Monday, March 2, 2009

Tough Times

The De Jong family has sure been through a lot lately. Rob's Grandma Benice has been very ill, passing in and out of consciousness in the Intensive Care Unit. And it's with a heavy heart that I share the news that tomorrow, she'll be removed from the breathing machine that's kept her going. Needless to say, the De Jong family needs your prayers as they wade through a lot of very complicated decisions.

These are circumstances beyond our control and that it's truly God's plan for all of this to be happening at the same time. And even if I wanted to change the outcome, I couldn't. And I stopped for a moment to thank God that it's Him in charge, not me. It always seems that in times like these we are forced, through circumstance, to reevaluate what's really important.

And Rob's sister Kim gave birth last week to a happy and healthy baby boy, Nathan John Rockhold. But her delivery wasn't without complications. She actually ended up spending the night in the ICU in the room NEXT to Grandma Bernice. The irony wasn't lost on me--watching a brand new life enter the world, juxtaposed with a very serious illness. But even amidst all of the uncertainty of it all, I was overcome with a very profound sense of peace.
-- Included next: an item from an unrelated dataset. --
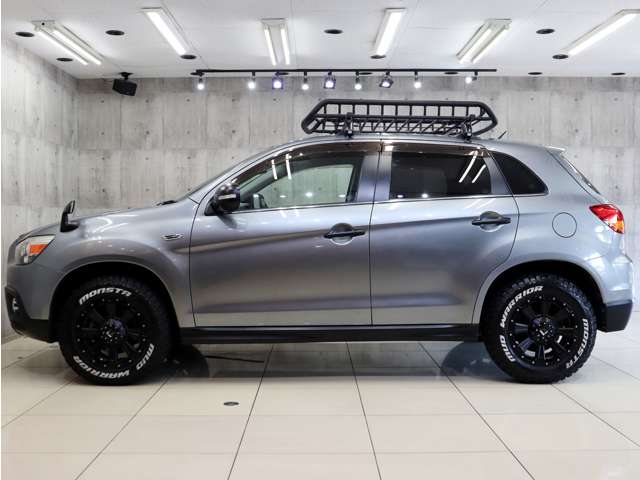 Mitsubishi RVR 11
When we're born, we don't know if we'll have 100 days on this earth, or 100 years. And it's a healthy reminder to stay focused on the big picture, and not get bogged down in the small stuff. With everything we're going through right now, knowing that the outcome is all part of God's plan for us is such a comforting thought. The Bible teaches that the only productive thing to do with worry is to pray about it, then let it go. And then refocus your energy on staying positive (Philippians 4: 6-9)

It's very cheesy, I LOVE that Irving Berlin song that Bing Crosby sang in White Christmas, called "Count Your Blessings." I often sing it to Abby as a lullaby:

When I'm worried and I can't sleep, I count my blessings instead of sheep. And I fall asleep counting my blessings.

When my bankroll is getting small, I think of when I had none at all. And I fall asleep counting my blessings.

I think about a nursery and I picture curly heads, and one by one I count them as they slumber in their beds.

If you're worried and you can't sleep, just count your blessings instead of sheep. And you'll fall asleep counting your blessings.